-- WORK TASK --
Between the line containing "A detailed coloring" and the line containing "Massimo Dutti Zebra" lies a run of lines; give that run again exactly, with both of those lines, and nothing else from the entries below.

-- THE DATA --
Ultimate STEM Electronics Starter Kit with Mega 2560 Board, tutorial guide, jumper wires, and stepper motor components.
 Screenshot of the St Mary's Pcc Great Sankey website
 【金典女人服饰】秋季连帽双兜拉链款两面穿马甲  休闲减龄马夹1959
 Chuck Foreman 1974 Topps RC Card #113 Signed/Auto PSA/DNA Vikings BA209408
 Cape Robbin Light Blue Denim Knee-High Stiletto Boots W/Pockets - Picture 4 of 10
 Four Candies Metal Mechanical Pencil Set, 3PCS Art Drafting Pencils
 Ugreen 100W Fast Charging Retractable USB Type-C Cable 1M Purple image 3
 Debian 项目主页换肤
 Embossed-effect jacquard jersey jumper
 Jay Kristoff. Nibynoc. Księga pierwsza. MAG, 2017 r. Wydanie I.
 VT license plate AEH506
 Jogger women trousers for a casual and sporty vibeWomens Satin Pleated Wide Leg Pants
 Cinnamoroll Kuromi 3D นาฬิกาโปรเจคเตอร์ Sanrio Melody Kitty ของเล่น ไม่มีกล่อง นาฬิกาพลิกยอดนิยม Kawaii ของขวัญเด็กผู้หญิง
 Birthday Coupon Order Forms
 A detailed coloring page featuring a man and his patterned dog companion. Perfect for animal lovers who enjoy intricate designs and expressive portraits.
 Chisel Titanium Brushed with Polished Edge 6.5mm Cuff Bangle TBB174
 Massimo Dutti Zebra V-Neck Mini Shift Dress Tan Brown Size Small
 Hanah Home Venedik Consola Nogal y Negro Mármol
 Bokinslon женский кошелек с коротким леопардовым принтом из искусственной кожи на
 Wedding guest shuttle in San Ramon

-- EXERCISE SOLUTION --
 A detailed coloring page featuring a man and his patterned dog companion. Perfect for animal lovers who enjoy intricate designs and expressive portraits.
 Chisel Titanium Brushed with Polished Edge 6.5mm Cuff Bangle TBB174
 Massimo Dutti Zebra V-Neck Mini Shift Dress Tan Brown Size Small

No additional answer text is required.